Saturday, October 13, 2007

a waltz when she walks in the room
she pulls back the hair from her face
she turns to the window to sway in the moonlight
even her shadow has grace...

grace-that word stands out to me today as i reflect on the revelry that occurred last night. i went to a sweet sixteen party and found, although i am only a year older than the other girls present, i am at a higher level than they are. i don't mean to be judgemental or a snob but i'm only speaking truth. my aunt said this to my mom just a few minutes ago "i look at amanda, and she's only a year older than the rest of those girls, but she has so much grace and poise and she's so pretty.
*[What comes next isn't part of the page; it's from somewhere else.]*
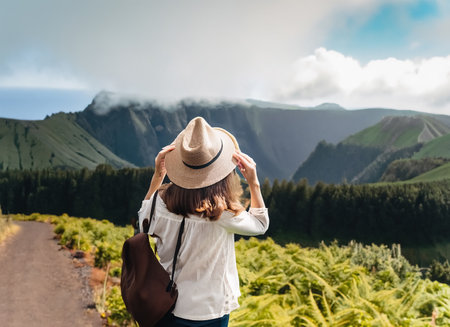 Young woman traveler with hat and backpack looking at beautiful view of the mountains.の素材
There's just a difference."
what's the normality you may ask? compared to me, the other girls were dressed in short cocktail dresses, grinding on the guys, and making complete fools of themselves. the only thing graceful about the one being honored was her gown. her speech for her 16 candles was atrocious, grammatical errors, substituted word for the F word, and cursing up a storm. as soon as she was dressed more casually, she joined in the club-like dancing, allowing to be sucked into a lap dance performed by a perverted, immature, boy. we were there for less than an hour before my brothers stormed out of the hall enraged. i said my goodbyes and followed them.
where is the grace in the girls today? do they have any self-respect, any dignity? words such as elegance, honor, and beauty are so native to them it's pathetic. and again, i am only a year older than they are. so why am i so different? perhaps it is because i have strict boundaries and rules to abide by, that i have been reared in the way of the Lord ever since i was born, that i have been taught to respect elders and how to speak, dress, and behave. my parents' expectations for me are very high so i must carry myself accordingly. maybe this is why i don't have a boyfriend, because i'm looking for more.
i am so thankful i go to a private Christian school where integrity and morality are taught on a day-to-day basis. i take what i have for granted way too much and my eyes were opened last night to what i could have been. i am so thankful i am not part of that crowd.